Maar het boek heeft me wel geraakt en aan het denken gezet. Naar mijn idee is het ook bedoeld, om de voor- en nadelen aan te geven van enerzijds het leren liplezen en/of de gehoorimplantaten. Zodat dove mensen zoveel mogelijk aan de “normale” maatschappij deel kunnen nemen. En anderzijds die van de dovenscholen en dan m.n. de eigen taal van de dovengemeenschap, de gebarentaal. De schrijfster, zelf doof, neigt duidelijk naar dit laatste. Volgens haar “prijst” de samenleving horende kinderen, als zijnde “normaal” en leren dove kinderen “dat ze een gemankeerde versie van hun leeftijdsgenoten zijn en dat ze al hun energie moeten steken in proberen erbij te horen”. M.n. bij Charlie in het boek komt dit duidelijk naar voren. Haar moeder wil koste wat kost haar zo normaal mogelijk laten lijken. Vandaar het gehoorimplantaat, dat voor heel wat problemen zorgt. En ook het liplezen blijft behelpen, omdat ze steeds toch heel veel stukken mist. Pas als Charlie gebarentaal leert, merkt ze hoeveel gemakkelijker ze, eventueel met behulp van een gebarentolk, gesprekken kan volgen.
Ik heb dat nooit zo bekeken.

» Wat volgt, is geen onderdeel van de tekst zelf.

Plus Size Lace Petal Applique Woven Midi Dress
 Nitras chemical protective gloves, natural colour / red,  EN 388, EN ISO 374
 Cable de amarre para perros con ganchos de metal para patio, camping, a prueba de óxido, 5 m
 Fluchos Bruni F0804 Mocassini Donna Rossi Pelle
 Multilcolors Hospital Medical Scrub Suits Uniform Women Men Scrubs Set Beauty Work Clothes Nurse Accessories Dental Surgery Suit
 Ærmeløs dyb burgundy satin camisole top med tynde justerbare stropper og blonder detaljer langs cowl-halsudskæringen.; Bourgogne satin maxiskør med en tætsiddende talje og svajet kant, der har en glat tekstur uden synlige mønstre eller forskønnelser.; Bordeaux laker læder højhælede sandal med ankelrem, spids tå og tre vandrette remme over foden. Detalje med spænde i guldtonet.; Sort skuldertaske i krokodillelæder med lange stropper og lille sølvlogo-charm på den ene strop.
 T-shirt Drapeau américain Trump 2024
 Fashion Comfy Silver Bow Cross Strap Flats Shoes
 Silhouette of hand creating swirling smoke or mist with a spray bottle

Ik heb zelf een nichtje, dat doof is. En zij heeft, eind jaren 60, begin jaren 70, liplezen geleerd. En praten, ook al hoor je wel dat ze anders klinkt. Maar wij weten niet anders dat dat we haar aan moeten kijken en duidelijk moeten articuleren. Ik heb altijd gedacht dat dat inderdaad de gemakkelijkste (beste?) manier was. Ze heeft een goede baan, veel vrienden, kinderen. Maar ik heb me nooit gerealiseerd dat er ook een andere kant aan zit. Dat we dove mensen op die manier het idee (kunnen) geven, dat ze niet goed genoeg zijn. En dat ze zich maar aan ons, horende mensen, moeten aanpassen, in plaats van andersom.
Goed dat hier aandacht wordt gegeven! Sinds de coronapandemie en dan m.n. doventolk Irma bij de persconferenties is er denk ik al meer begrip hiervoor. En anders: lees dit boek! Het gaat, zoals de achterflap zegt, over beperkingen en onrechtvaardigheid, maar vooral over doorzettingsvermogen, lef en levensvreugde.